Con el transcurso de los días, el ajetreo diario, las carreras de trabajo y obligaciones cotidianas nuestra mente no encuentra momentos de paz. No podemos disfrutar de un momento de silencio y terminamos acumulando todos los sentimientos. Buenos o malos, gratos o tristes. La acumulación de sentimientos, la toma de decisiones y el análisis profundo de nuestras propias acciones se siguen apilando unos sobre otros en un rincón pequeño y apretado de nuestra mente.
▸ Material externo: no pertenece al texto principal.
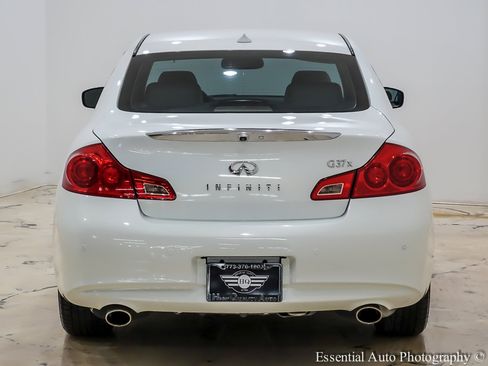 Used 2011 INFINITI G37 x Sedan w/ Premium Pkg image 7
Finalmente, nos da un ataque de ira, una crisis de llanto o un arrebato inexplicable de euforia. Y luego decimos o pensamos que no sabemos porque sucedió. Pestañamos varias veces para entrar en el frenesí cotidiano y seguimos adelante sin detenernos a pensar. Es justo ese momento en el que debemos darnos cuenta que necesitamos sanar.
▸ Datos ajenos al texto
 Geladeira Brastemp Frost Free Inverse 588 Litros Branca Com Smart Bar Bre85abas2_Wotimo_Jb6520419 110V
Sanar heridas, raspones, golpes. Que necesitamos exfoliar nuestra alma con risas y reflexiones. Que necesitamos desinfectar el corazón y arrancar las curitas que han tratado de ocultar aquello que nos duele, que nos afecta, que nos consume.
Dios, en su inmenso amor y sabiduría nos permite momentos de silencio, momentos de tranquilidad y paz. Nos da la oportunidad de liberarnos de las alarmas del reloj, de las obligaciones del trabajo y de el corre y corre cotidiano. A veces escuchamos: “dedicar tiempo a Dios”, la realidad es que dedicamos tiempo a nosotros. Tenemos un momento de internalizar en nuestro corazón y hablar con la Divinidad que habita en nosotros.
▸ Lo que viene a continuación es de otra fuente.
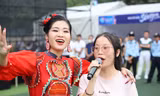Hà Myo rủ sinh viên hát xẩm ở Ngày thẻ Việt Nam 2023 - Sóng Festival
Ese momento es el justo y preciso para conectarnos, para regenerarnos, pero sobretodo para SANARNOS. Perdonándonos a nosotros mismos, mirando en nuestro interior y rectificando todo lo que no hemos hecho bien. Es tiempo de sanar, es tiempo de ser mejores seres humanos, nuevos seres humanos. Es tiempo de disfrutar de la Divinidad interna y de revestirnos de gracia para seguir adelante.